WORK TO BE COMPLETED » Find the line with "Window on the" in the entries below. Repeat it, every following line, and the line with "Dark green puffer", exactly and with nothing added.

INFORMATION PROVIDED Block Start

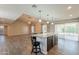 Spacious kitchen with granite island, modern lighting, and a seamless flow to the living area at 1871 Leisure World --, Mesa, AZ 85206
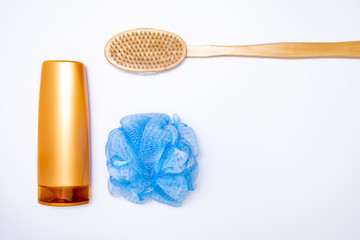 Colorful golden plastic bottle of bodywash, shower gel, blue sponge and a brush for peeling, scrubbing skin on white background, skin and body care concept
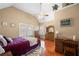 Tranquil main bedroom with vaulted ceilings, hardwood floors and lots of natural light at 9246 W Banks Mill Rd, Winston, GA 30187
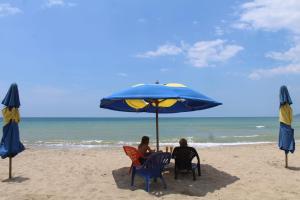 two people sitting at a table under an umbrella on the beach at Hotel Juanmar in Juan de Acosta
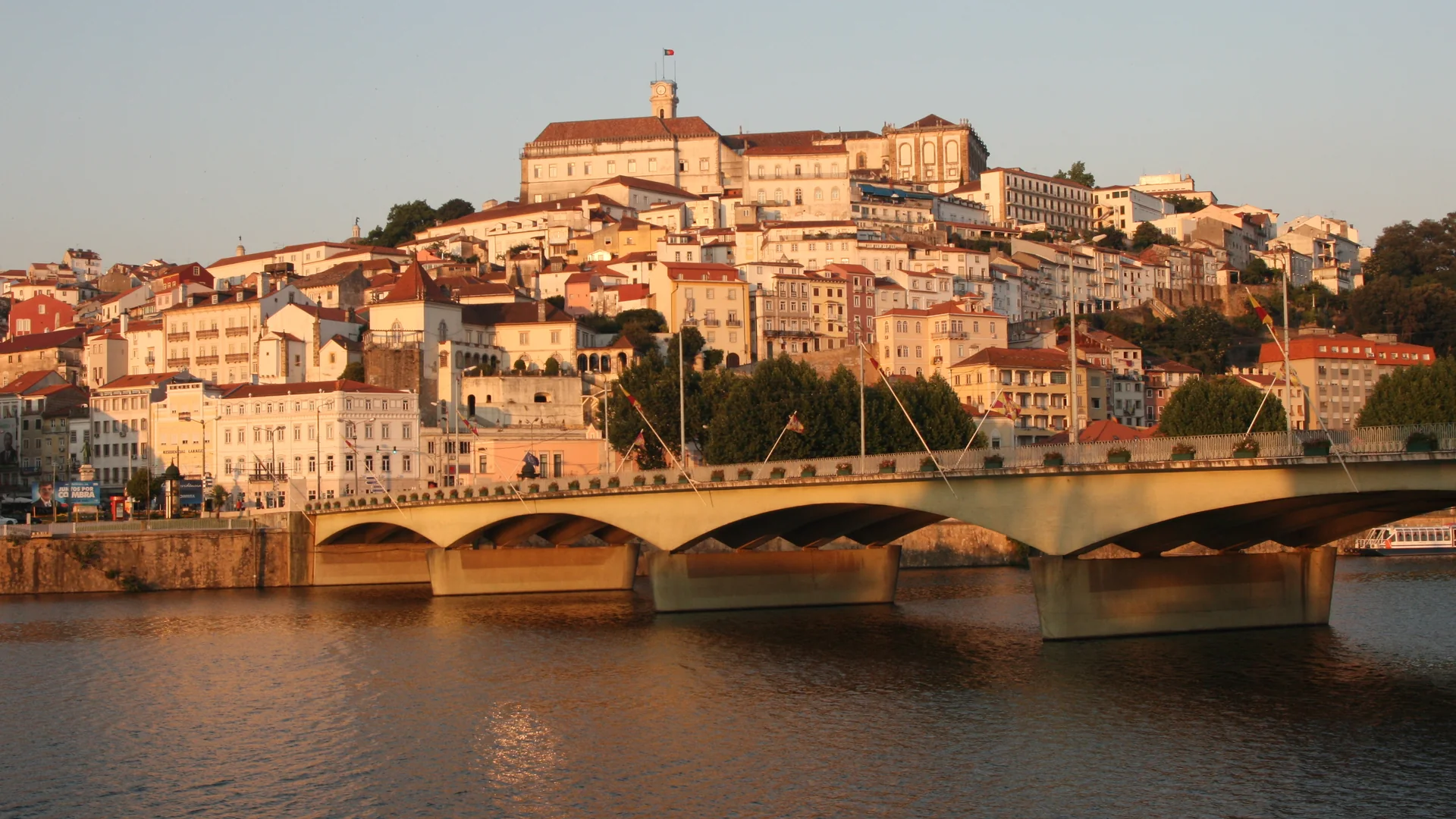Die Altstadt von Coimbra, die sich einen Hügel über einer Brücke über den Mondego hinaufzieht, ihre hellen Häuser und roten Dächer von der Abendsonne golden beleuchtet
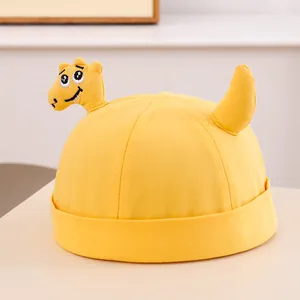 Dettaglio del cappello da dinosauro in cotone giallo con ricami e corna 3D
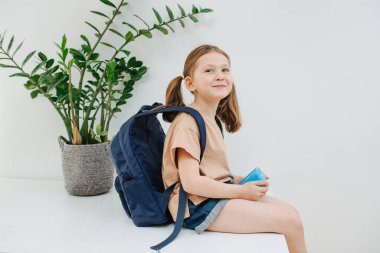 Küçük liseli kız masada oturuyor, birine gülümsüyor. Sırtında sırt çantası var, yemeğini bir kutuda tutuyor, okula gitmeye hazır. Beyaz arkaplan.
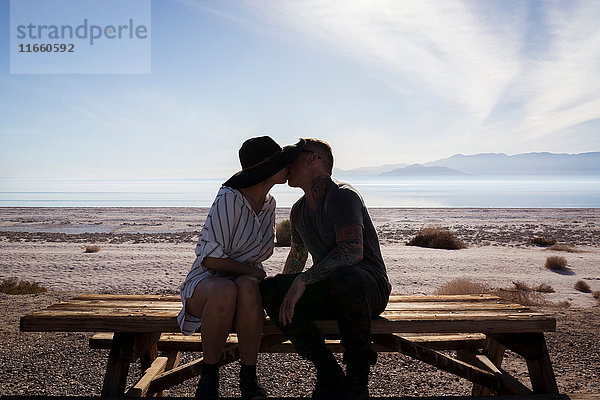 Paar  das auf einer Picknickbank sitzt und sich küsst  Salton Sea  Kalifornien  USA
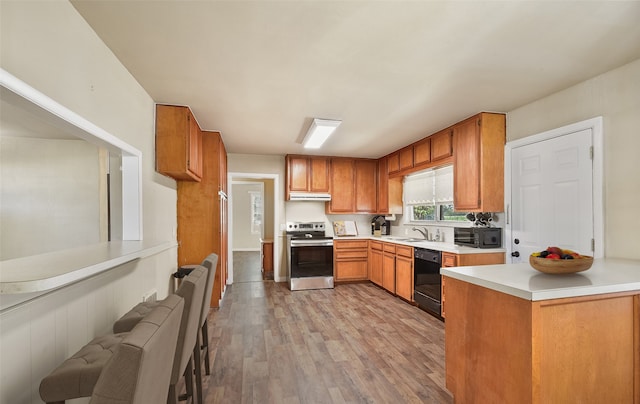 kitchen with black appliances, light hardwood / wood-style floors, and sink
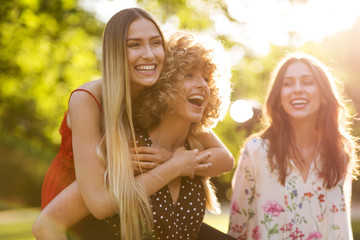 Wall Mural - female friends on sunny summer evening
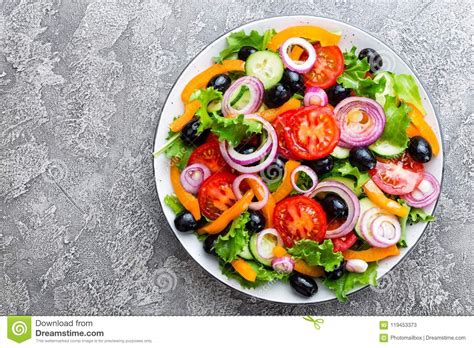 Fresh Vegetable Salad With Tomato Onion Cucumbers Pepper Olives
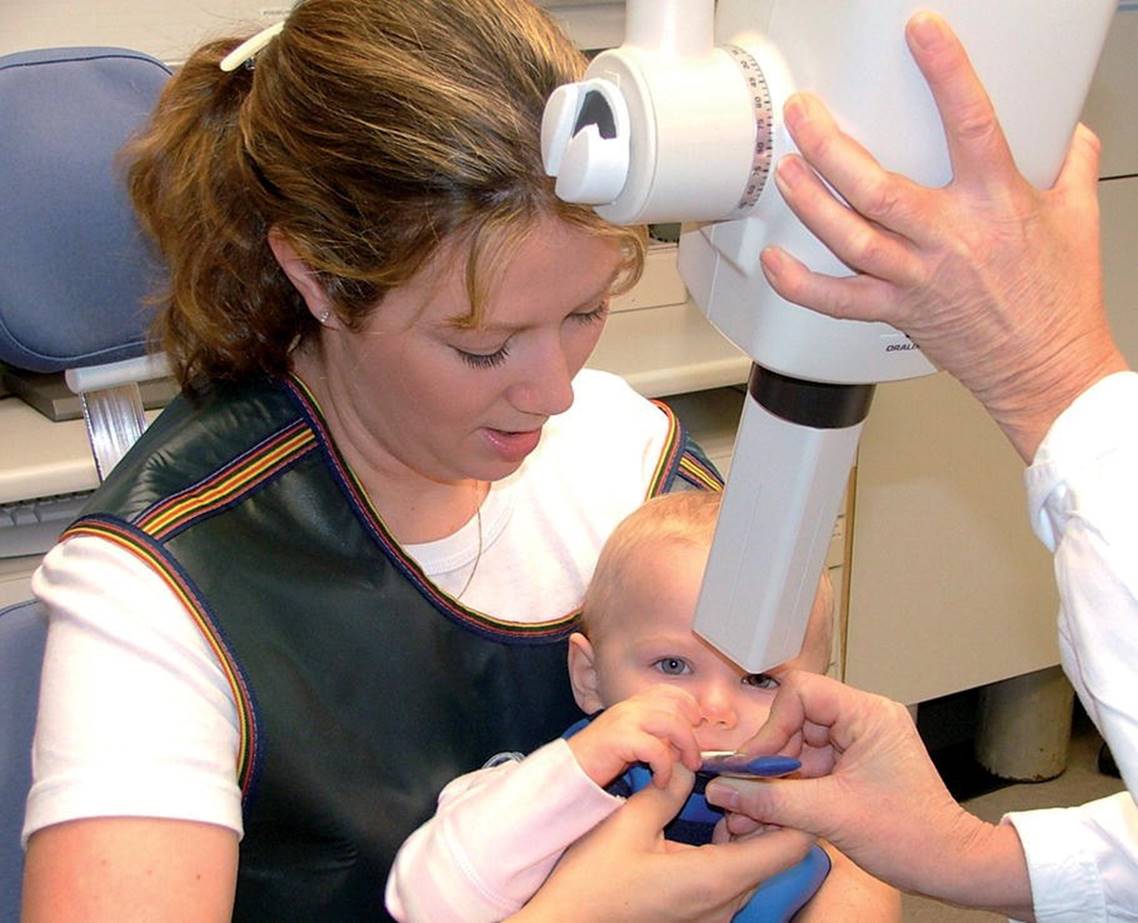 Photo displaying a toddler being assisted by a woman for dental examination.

INFORMATION PROVIDED Block End
INFORMATION PROVIDED Block Start

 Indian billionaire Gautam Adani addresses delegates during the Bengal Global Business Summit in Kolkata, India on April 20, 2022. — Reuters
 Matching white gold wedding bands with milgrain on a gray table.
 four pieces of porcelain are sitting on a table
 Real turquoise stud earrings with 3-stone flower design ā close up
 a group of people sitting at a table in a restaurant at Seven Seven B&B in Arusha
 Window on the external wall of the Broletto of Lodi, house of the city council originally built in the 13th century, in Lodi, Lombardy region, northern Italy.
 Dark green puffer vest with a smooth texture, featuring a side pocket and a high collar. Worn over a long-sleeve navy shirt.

INFORMATION PROVIDED Block End

REPLY TO THE EXERCISE »
 Window on the external wall of the Broletto of Lodi, house of the city council originally built in the 13th century, in Lodi, Lombardy region, northern Italy.
 Dark green puffer vest with a smooth texture, featuring a side pocket and a high collar. Worn over a long-sleeve navy shirt.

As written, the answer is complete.